Even Sweeter: What happens when the humanities gets graphic

Deb Verhoeven and Toby Burrows

Over the past few years humanities researchers in Australia have established a large interconnected database of cultural information and used it to create detailed networks of relationships between the people, places and objects it decribes. This aggregated knowledge base is called the Humanities Network Infrastructure (HuNI — “honey”). HuNI takes records from many different research, museum and archive collections, locates them in one place and lets researchers propose the connections between these records in their own words.

This week we released a new iteration of HuNI that enables visitors to take advantage of the platform’s graph searching capabilities. Network graphs, those familiar spiderweb images of interconnection, are a powerful way of uncovering the meaning and significance of the knowledge embedded in cultural collections.

This article describes how some of these features work in HuNI. But before looking at the new functionality in detail, it’s worth outlining why this development is significant to humanities researchers.

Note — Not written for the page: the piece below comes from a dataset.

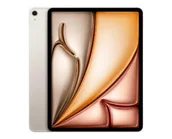 Tablety - APPLE iPad Air 13" Wi-Fi 1TB Starlight MV2R3HC/A - miniaturka - grafika 1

Why: The graphic significance of HuNI

Relationships matter. They especially matter to historians, social scientists, literary scholars, media analysts and other humanities researchers. For humanities researchers, figuring out, following and filling in trails of relationships is fundamental to discovery. It’s how we “make connections”, in the sense of creating meaning.

These relationship trails, like the best detective work, are often painstaking to establish. The greater the nuance and complexity of relationships the more meaningful they are to humanities researchers. In an era of digital research methods, this preference for understanding and interpreting the rich and messy relationships between things or people or concepts has not necessarily been well supported.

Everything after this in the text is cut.